#### Given information:

^^^^

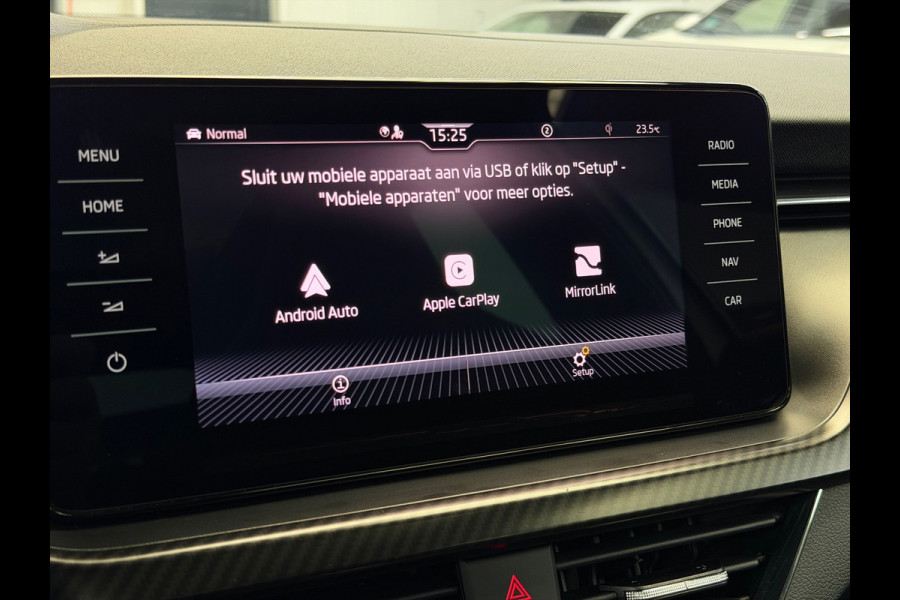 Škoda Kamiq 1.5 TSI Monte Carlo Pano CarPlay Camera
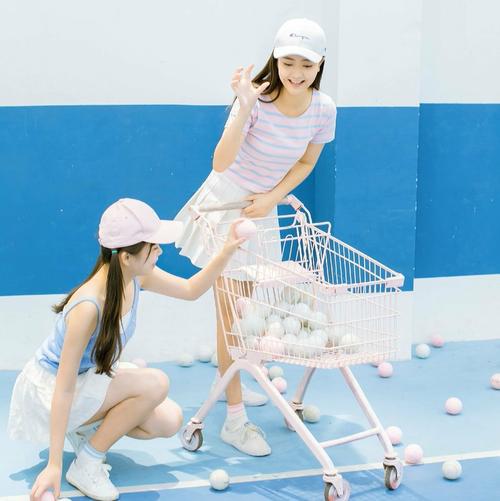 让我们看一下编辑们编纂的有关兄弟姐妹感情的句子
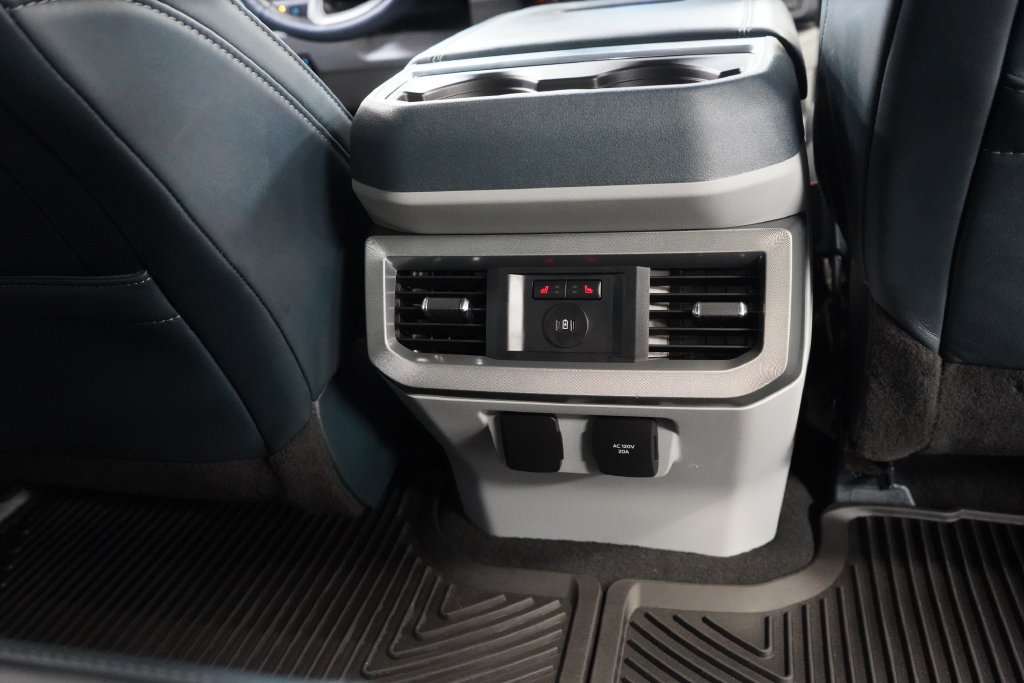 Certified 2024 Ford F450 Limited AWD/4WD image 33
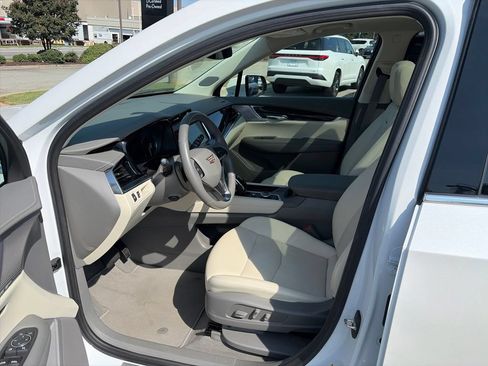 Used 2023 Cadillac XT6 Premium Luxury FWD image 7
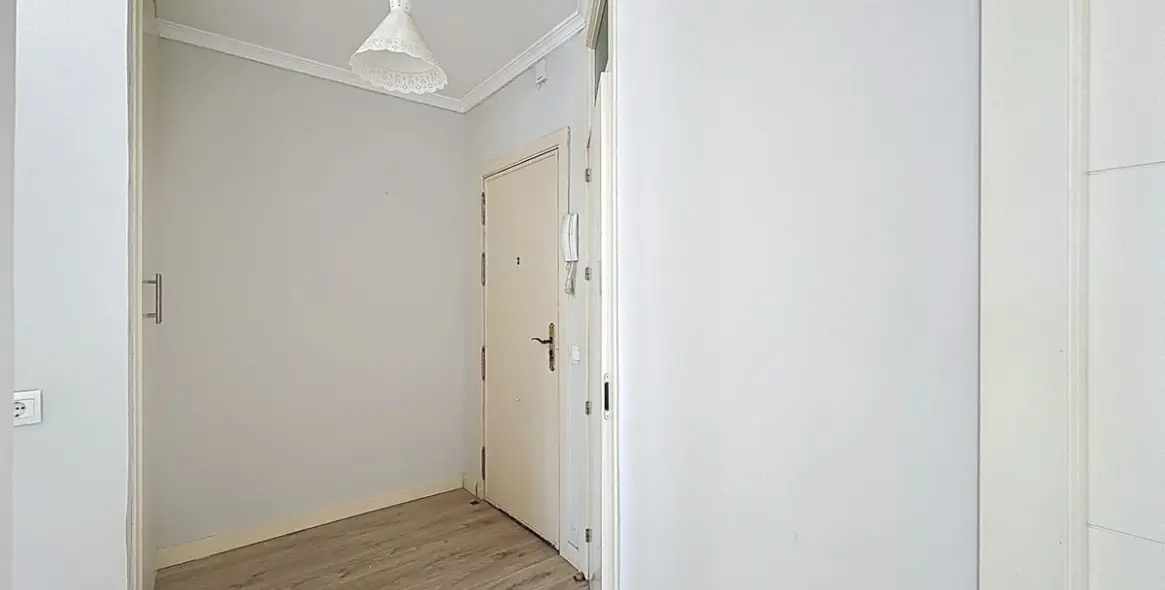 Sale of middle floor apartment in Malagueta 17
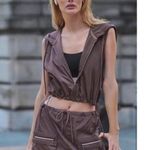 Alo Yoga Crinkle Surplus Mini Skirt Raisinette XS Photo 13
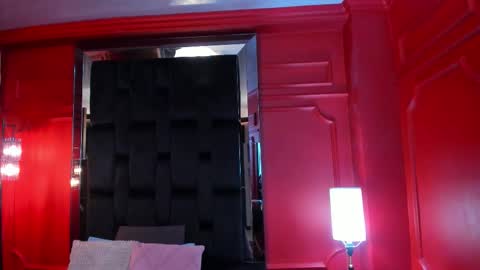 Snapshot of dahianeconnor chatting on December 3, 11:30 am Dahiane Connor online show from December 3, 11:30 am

^^^^

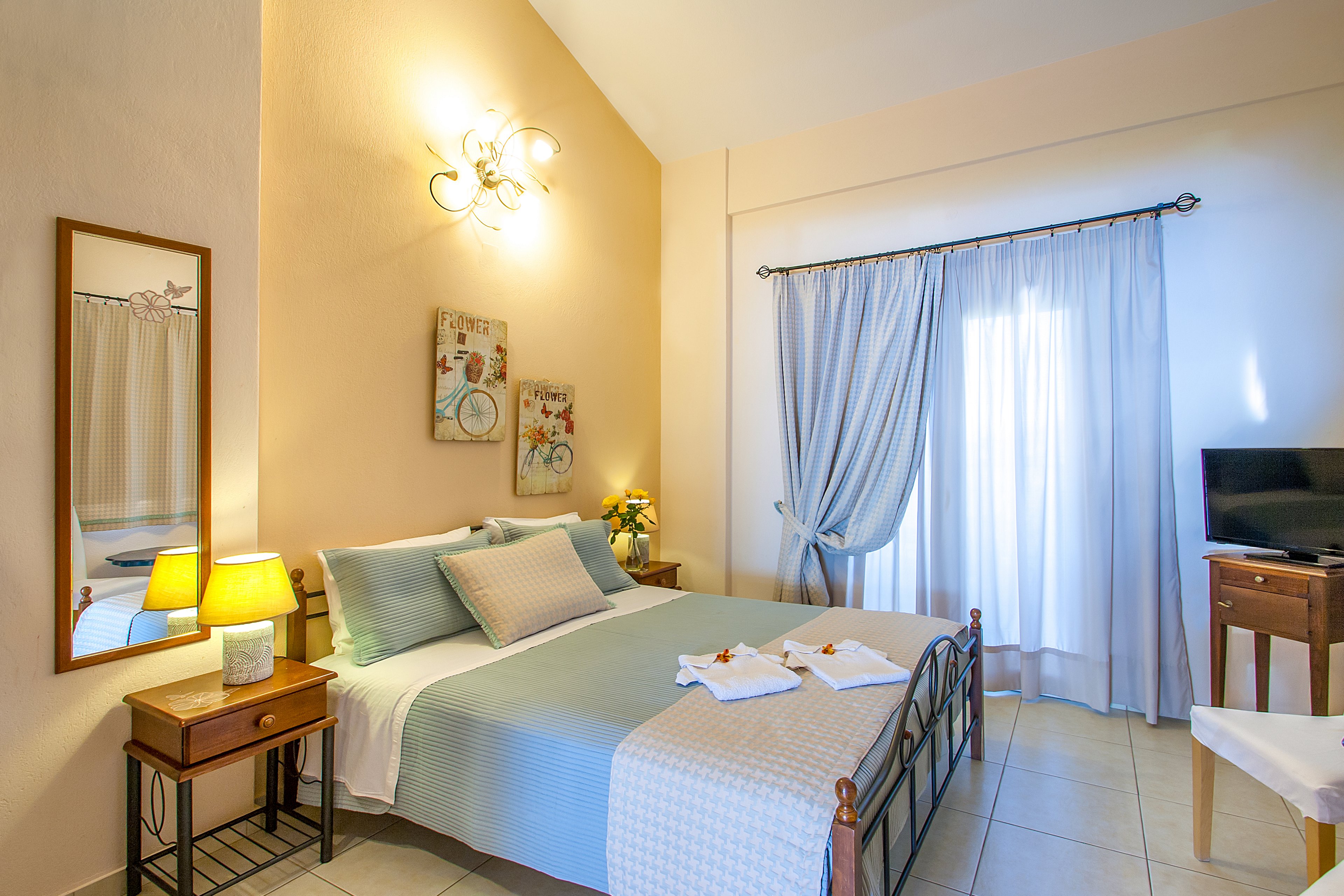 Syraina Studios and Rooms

^^^^

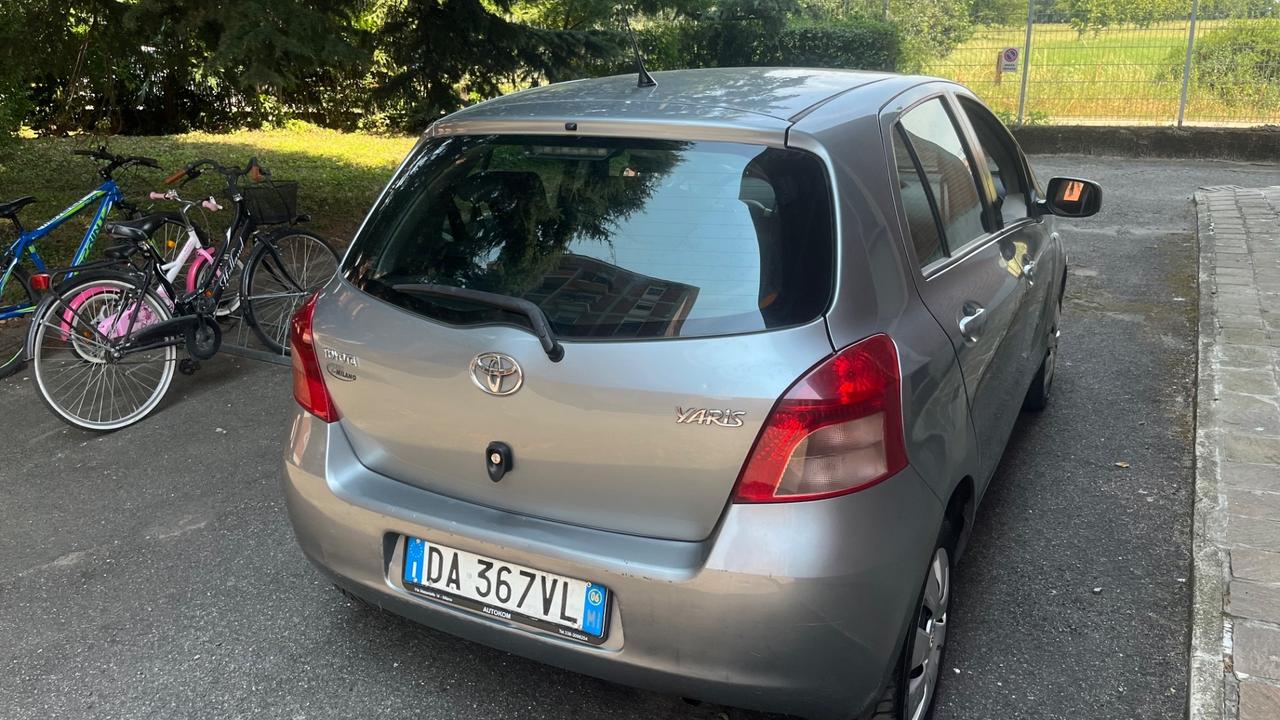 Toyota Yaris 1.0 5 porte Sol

^^^^

#### Work task:
Find the line with "Sale of middle" and the line with "Snapshot of dahianeconnor" in the records above. Copy both and all lines between them exactly, without pictures.

#### Solution:
 Sale of middle floor apartment in Malagueta 17
 Alo Yoga Crinkle Surplus Mini Skirt Raisinette XS Photo 13
 Snapshot of dahianeconnor chatting on December 3, 11:30 am Dahiane Connor online show from December 3, 11:30 am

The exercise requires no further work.